Collected data entries:
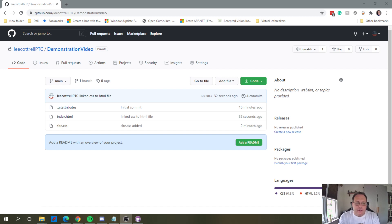Hi. In this video, I'm going to show you how to fetch from the GitHub repository when you know that your local files are not up to date.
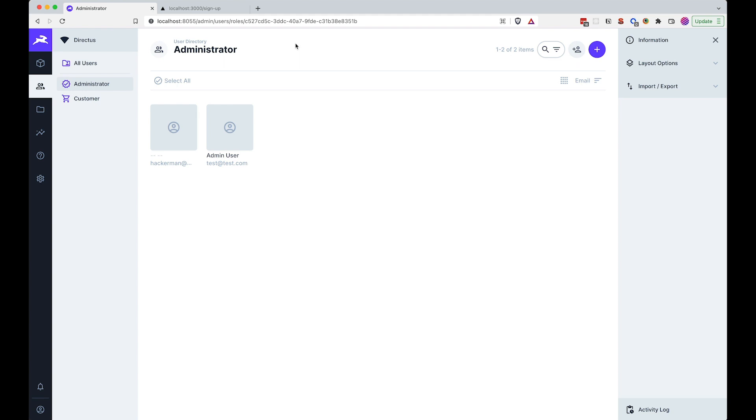So we can actually allow users to sign up but only with the customer role. We can't remove all the permissions for creating new users because then nobody will be able to sign up, but we want to just limit it to the customer user role, and that's what we are going to be doing right now.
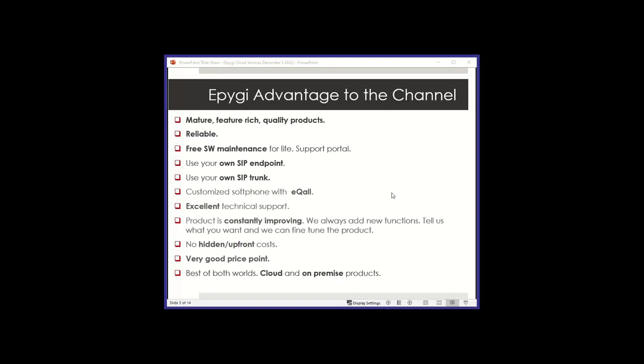Most features are coming from you, from the field. Tell us what you need on the product, and if it makes sense, we'll add it for you. Things that you may not be able to do with a competitor product where you don't have the opportunity to influence what goes in the software. There's no hidden or upfront cost. Everything is very clear. We don't have setup fees on the cloud solution. We have very good price points. Our intent is to allow you to have enough margin when you resell the product. We have the best of both worlds: cloud and on-premise products.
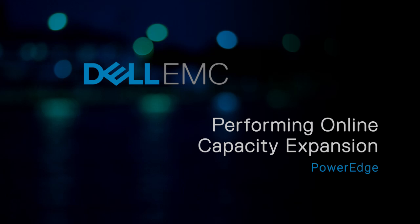In this video, we'll cover the procedure for expanding online capacity of virtual disks.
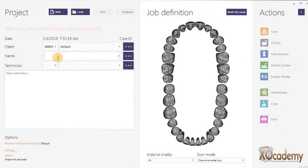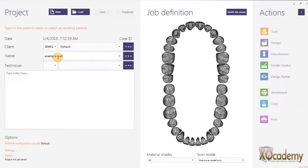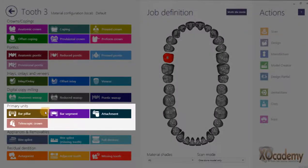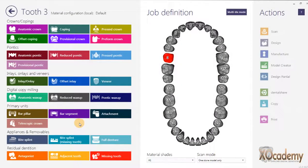An example I'm talking about: let's say we have a patient and we want to make a partial. I click on the tooth, and usually there's a selection here for partial framework if I want to make the framework in the area of tooth number three, but that's not available.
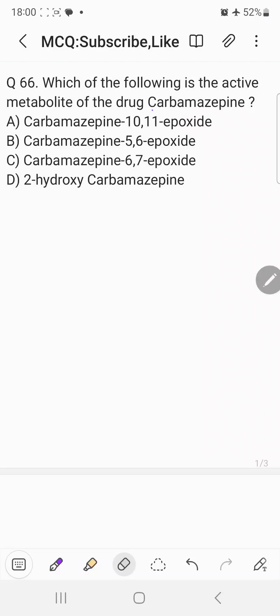Hi everyone, welcome back to the question and answer discussion session. Today's question is: which of the following is the active metabolite of the drug carbamazepine?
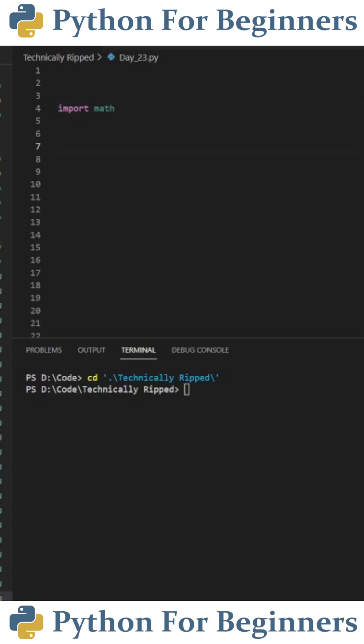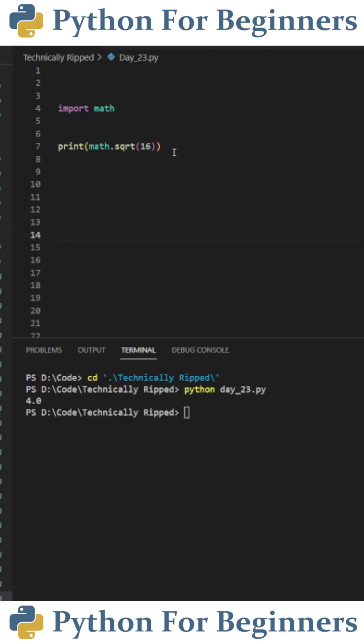Now to use a function from this library, all you need to do is type the name of the library dot and then the name of the function you want to use. In this example, I'm going to use a function called square root, which returns the square root of whatever's in the parentheses. So when I print math dot square root 16, you can see we get four.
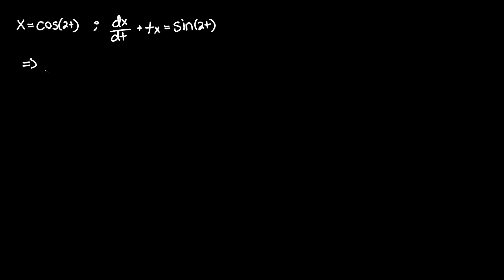x prime, which is the same thing as dx/dt, equals the derivative of cosine 2t. So we know that the derivative of cosine is just negative sine, so we put a negative out in front.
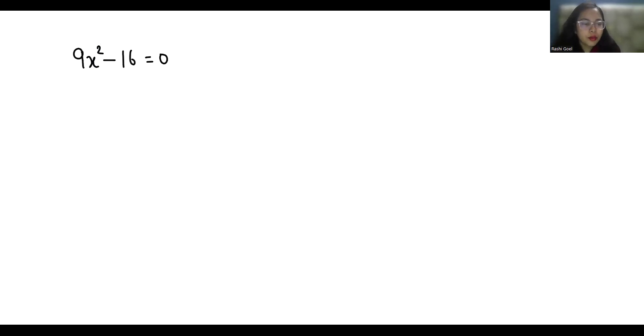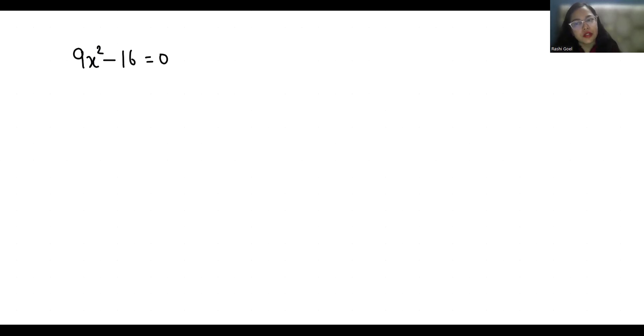Hello everyone, welcome to my channel. My name is Rashi Goyal and in this video we are going to solve this quadratic equation: 9x² - 16 = 0.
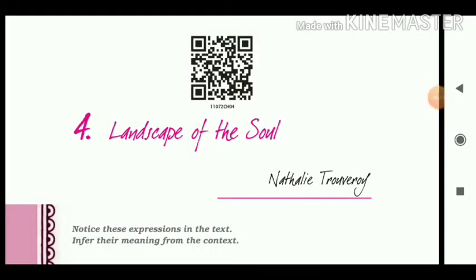Hello students, this is Amitywari, your English teacher. We have been studying the fourth lesson of Hornbill book, 'Landscape of the Soul.' So far we have seen the writer comparing two different art forms: the Chinese art form, which gives a sense of spiritual and conceptual space, and the Western art form, which is a perfect illusionistic likeness. Now let us see what happens next in this lesson.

Assignment: Copy word for word only the lines above from the one with "An example I'm" through the one with "Hello everyone, welcome". Leave pictures out.

Solution to this task:
An example I'm talking about: let's say we have a patient and we want to make a partial. I click on the tooth, and usually there's a selection here for partial framework if I want to make the framework in the area of tooth number three, but that's not available.
Hi everyone, welcome back to the question and answer discussion session. Today's question is: which of the following is the active metabolite of the drug carbamazepine?
Now to use a function from this library, all you need to do is type the name of the library dot and then the name of the function you want to use. In this example, I'm going to use a function called square root, which returns the square root of whatever's in the parentheses. So when I print math dot square root 16, you can see we get four.
x prime, which is the same thing as dx/dt, equals the derivative of cosine 2t. So we know that the derivative of cosine is just negative sine, so we put a negative out in front.
Hello everyone, welcome to my channel. My name is Rashi Goyal and in this video we are going to solve this quadratic equation: 9x² - 16 = 0.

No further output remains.